PROBLEM STATEMENT: Print again, word for word, all of the records below, and leave the pictures out.

STORED DATA:

%%

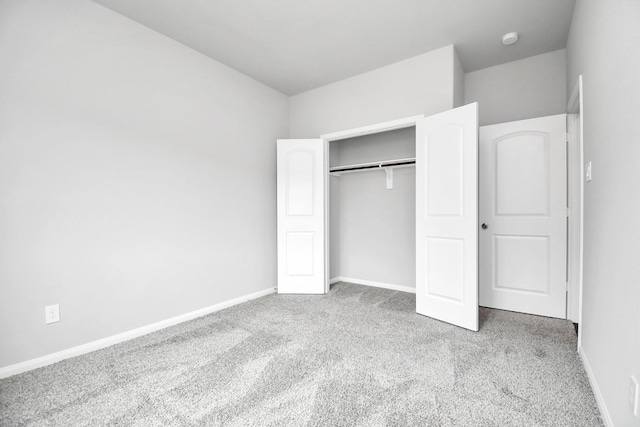 unfurnished bedroom with light colored carpet and a closet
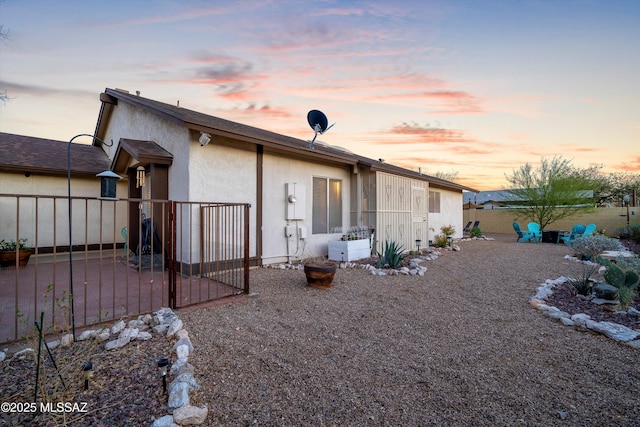 rear view of house featuring stucco siding and fence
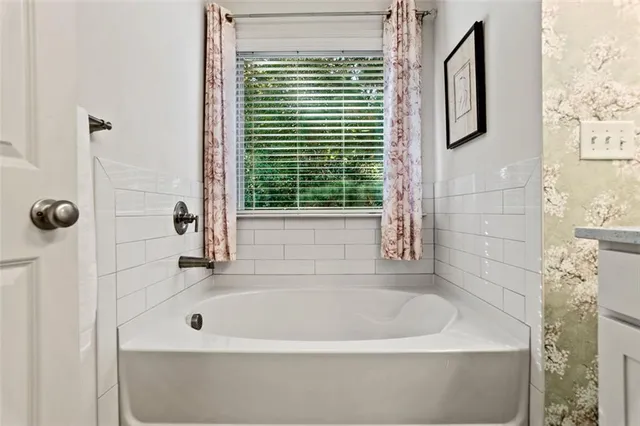 a bathroom with a sink a mirror and a shower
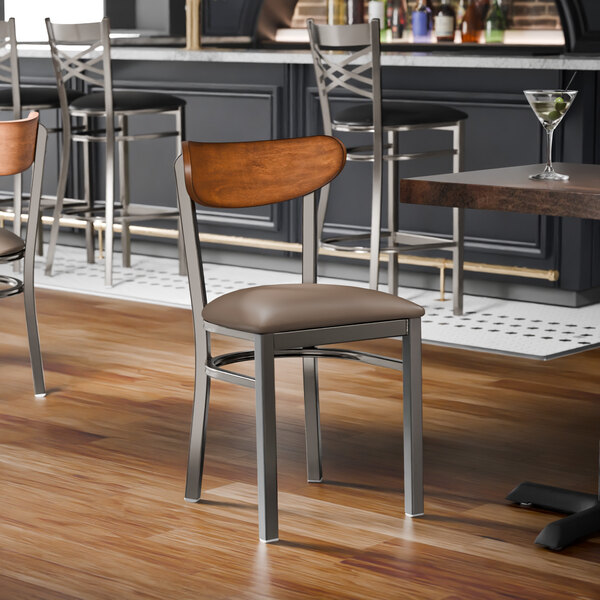 A metal chair with a taupe vinyl seat and an antique walnut wood backrest.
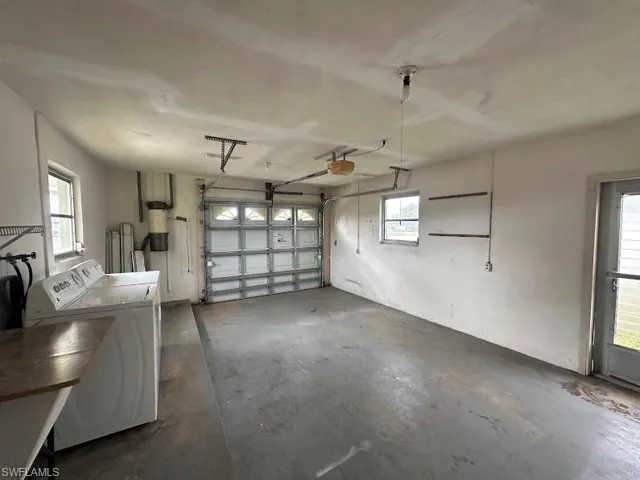 Garage featuring washing machine and clothes dryer and a garage door opener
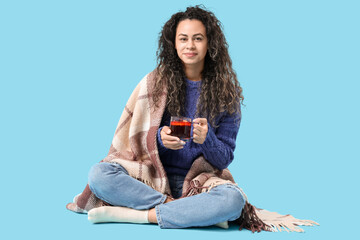 Beautiful young African-American woman with glass cup of hot mulled wine and plaid on blue background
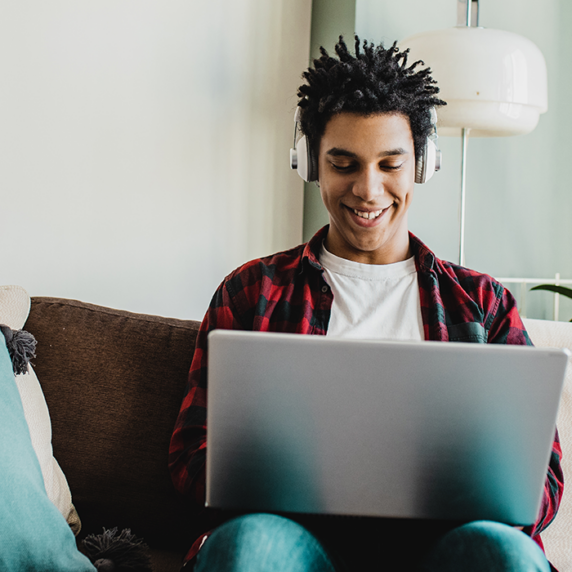 Student on couch surrounded by pillows wearing headphones and working on laptop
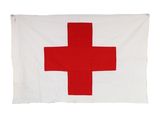 a red cross flag hanging on a white wall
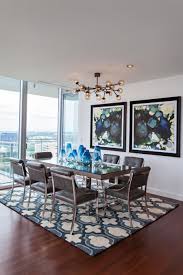 The black details of the table and the metal light fixture provide an industrial look. Modern Wall Art That Will Transform Your Home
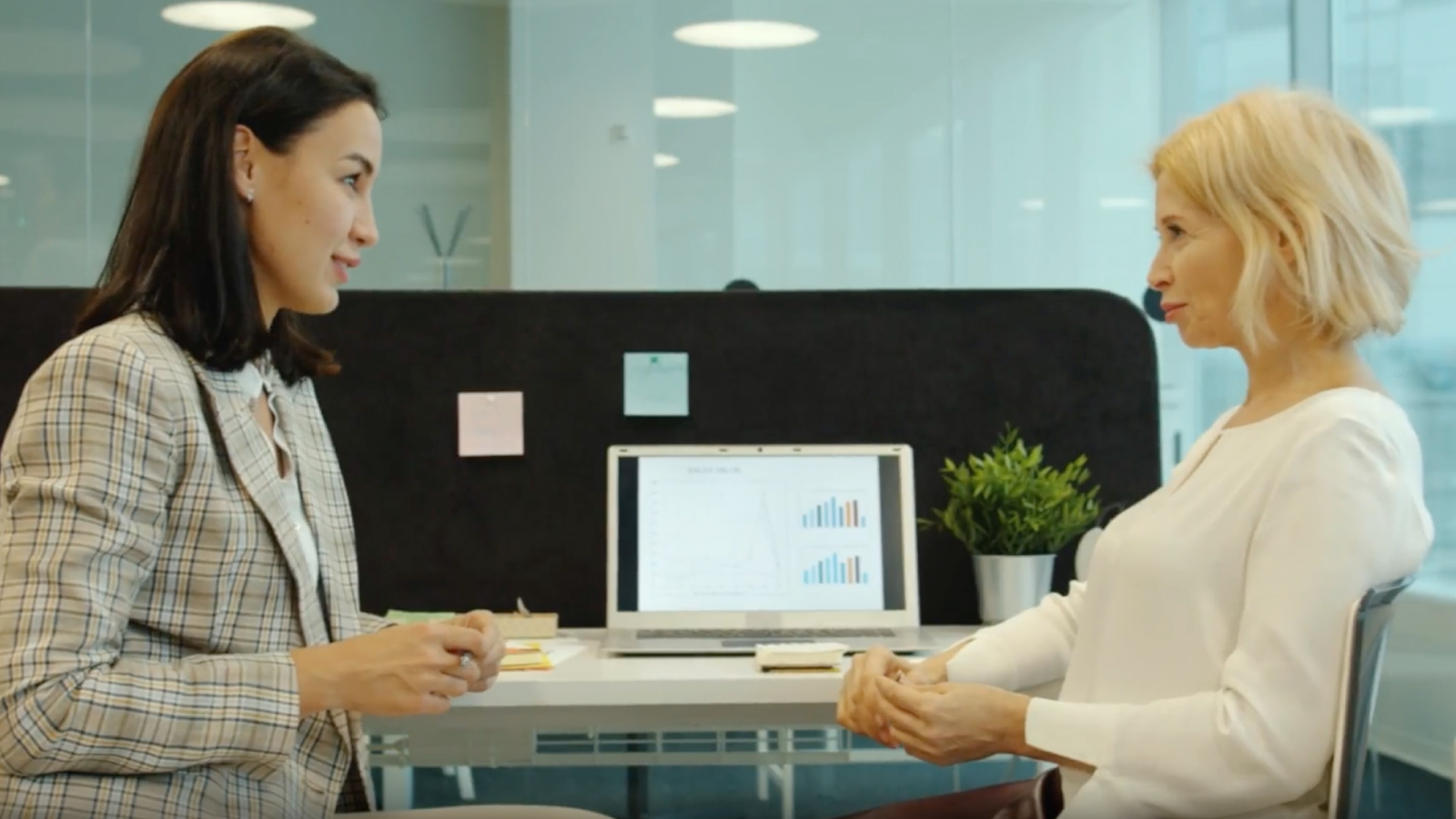 Female colleagues chatting at ones desk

%%

TASK ANSWER:
 unfurnished bedroom with light colored carpet and a closet
 rear view of house featuring stucco siding and fence
 a bathroom with a sink a mirror and a shower
 A metal chair with a taupe vinyl seat and an antique walnut wood backrest.
 Garage featuring washing machine and clothes dryer and a garage door opener
 Beautiful young African-American woman with glass cup of hot mulled wine and plaid on blue background
 Student on couch surrounded by pillows wearing headphones and working on laptop
 a red cross flag hanging on a white wall
 The black details of the table and the metal light fixture provide an industrial look. Modern Wall Art That Will Transform Your Home
 Female colleagues chatting at ones desk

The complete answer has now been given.